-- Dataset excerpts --
== Segment start ==
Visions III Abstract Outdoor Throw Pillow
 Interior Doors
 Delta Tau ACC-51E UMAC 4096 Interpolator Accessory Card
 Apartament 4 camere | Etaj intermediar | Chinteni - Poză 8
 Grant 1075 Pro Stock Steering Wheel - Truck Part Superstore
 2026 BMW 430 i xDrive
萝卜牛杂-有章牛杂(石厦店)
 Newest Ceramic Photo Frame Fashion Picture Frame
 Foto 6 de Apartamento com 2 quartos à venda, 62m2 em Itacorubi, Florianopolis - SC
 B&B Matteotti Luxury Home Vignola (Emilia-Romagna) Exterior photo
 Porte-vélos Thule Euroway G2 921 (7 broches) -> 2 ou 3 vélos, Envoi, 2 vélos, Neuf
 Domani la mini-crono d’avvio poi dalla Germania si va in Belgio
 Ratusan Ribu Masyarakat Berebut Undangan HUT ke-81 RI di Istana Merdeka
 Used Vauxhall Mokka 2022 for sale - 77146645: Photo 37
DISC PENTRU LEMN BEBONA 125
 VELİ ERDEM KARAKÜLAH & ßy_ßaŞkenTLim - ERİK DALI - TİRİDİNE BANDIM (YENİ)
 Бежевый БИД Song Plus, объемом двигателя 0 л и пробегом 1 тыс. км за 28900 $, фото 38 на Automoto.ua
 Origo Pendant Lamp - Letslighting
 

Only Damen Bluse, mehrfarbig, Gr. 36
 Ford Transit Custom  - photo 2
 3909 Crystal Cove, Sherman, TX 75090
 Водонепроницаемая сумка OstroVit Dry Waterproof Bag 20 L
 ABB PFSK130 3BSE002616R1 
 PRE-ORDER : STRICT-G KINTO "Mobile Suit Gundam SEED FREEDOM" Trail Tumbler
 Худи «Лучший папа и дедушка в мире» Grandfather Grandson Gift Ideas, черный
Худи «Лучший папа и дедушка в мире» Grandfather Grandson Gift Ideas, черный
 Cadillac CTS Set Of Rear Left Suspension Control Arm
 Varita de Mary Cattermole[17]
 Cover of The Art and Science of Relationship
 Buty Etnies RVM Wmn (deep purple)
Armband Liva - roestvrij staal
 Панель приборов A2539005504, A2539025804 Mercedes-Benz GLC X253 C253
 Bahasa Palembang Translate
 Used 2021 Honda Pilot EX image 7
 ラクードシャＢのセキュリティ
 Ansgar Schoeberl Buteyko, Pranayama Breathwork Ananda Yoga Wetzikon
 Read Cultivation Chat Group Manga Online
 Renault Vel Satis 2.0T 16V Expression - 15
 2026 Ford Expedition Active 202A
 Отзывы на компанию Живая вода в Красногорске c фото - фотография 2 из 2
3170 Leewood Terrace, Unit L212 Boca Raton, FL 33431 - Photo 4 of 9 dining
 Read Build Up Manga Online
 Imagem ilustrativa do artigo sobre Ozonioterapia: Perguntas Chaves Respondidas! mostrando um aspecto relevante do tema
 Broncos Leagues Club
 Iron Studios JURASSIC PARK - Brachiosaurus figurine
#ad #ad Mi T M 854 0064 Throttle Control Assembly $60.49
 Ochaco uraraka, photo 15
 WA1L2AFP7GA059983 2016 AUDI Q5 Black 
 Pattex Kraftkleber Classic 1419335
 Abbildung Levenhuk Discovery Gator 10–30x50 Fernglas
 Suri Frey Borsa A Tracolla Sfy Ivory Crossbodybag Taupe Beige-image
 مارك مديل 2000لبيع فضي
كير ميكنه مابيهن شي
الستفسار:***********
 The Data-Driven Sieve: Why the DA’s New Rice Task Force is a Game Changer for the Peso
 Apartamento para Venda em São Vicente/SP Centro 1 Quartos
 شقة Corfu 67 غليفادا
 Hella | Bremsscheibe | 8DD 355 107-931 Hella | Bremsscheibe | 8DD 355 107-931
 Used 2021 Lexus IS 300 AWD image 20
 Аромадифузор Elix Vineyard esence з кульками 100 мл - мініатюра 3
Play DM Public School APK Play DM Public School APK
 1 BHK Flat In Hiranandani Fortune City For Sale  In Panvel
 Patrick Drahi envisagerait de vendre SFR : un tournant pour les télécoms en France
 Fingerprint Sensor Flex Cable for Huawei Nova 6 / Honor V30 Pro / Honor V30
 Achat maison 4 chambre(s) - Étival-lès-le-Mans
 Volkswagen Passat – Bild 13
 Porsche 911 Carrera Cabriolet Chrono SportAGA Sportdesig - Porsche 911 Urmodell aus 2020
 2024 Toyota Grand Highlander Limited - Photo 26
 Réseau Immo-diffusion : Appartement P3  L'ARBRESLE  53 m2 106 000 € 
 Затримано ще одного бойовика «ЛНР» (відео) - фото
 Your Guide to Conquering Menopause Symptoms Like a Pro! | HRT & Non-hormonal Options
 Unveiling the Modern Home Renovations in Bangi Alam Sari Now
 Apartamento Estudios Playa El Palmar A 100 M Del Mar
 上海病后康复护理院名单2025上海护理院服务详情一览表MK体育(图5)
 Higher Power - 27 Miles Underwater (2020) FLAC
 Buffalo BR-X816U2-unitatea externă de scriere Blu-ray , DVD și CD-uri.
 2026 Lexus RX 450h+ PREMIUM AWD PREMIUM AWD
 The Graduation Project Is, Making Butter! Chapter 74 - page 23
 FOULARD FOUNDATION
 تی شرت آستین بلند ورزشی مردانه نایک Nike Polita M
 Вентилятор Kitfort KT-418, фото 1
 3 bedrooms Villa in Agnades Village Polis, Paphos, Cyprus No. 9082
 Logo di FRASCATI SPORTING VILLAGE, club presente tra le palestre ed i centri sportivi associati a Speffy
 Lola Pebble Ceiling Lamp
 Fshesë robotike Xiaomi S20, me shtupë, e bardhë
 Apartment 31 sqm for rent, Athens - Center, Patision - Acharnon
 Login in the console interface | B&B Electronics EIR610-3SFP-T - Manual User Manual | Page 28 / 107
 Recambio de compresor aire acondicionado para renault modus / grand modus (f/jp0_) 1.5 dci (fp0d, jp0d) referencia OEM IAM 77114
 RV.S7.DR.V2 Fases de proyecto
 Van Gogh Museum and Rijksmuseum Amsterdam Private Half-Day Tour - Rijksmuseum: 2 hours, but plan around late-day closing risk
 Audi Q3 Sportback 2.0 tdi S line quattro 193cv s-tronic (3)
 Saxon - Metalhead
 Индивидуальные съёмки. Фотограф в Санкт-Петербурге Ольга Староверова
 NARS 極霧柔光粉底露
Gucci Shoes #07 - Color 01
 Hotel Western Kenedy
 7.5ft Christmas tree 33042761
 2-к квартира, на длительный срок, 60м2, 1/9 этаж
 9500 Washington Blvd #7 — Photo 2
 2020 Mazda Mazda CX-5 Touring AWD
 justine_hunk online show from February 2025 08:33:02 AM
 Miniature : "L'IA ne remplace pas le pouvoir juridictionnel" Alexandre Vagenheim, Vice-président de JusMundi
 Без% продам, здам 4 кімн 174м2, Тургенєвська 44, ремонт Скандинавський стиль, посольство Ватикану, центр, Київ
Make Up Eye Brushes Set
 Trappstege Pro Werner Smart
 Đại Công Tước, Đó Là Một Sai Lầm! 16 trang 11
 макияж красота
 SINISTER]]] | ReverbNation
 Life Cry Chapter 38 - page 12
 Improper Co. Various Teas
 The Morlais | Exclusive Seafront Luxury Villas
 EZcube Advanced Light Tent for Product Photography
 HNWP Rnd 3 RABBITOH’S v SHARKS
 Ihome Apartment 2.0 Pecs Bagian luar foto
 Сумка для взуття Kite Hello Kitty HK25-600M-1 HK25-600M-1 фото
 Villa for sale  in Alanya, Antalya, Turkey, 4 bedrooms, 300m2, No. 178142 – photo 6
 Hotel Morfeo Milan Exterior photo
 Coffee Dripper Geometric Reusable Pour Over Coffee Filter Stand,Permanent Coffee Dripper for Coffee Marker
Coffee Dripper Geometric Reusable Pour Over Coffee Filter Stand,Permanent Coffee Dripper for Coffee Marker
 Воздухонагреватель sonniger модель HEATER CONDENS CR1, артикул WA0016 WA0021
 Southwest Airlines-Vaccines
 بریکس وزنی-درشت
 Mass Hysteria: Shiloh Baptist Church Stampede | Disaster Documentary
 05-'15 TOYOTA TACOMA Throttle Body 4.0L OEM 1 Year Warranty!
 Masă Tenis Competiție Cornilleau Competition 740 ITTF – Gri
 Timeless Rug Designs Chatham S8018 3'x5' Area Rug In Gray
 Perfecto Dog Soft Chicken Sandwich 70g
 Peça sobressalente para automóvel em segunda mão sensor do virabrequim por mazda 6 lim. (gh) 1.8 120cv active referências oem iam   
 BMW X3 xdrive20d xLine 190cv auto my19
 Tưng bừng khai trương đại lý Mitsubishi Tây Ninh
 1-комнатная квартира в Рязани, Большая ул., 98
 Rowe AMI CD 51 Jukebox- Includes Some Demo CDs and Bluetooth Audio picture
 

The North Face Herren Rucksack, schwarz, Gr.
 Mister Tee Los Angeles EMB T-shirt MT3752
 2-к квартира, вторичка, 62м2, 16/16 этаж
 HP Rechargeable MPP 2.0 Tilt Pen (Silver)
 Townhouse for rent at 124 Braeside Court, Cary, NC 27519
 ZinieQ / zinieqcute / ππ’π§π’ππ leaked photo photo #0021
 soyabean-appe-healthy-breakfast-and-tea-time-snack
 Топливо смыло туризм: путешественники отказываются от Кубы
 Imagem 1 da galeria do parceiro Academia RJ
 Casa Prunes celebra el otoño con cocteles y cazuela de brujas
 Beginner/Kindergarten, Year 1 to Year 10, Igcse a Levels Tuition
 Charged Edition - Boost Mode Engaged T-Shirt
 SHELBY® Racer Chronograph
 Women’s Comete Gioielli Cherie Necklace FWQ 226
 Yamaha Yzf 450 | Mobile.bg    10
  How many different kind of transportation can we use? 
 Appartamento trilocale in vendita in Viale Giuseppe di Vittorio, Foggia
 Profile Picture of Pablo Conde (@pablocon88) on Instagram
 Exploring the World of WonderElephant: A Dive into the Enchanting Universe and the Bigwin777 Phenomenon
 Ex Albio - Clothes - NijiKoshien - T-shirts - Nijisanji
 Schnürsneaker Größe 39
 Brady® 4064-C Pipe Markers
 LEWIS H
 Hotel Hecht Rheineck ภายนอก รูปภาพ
== Segment end ==
-- BRIEF --
Every line of the data that includes the word "Exterior" should be copied.

-- YOUR RESPONSE --
 B&B Matteotti Luxury Home Vignola (Emilia-Romagna) Exterior photo
 Hotel Morfeo Milan Exterior photo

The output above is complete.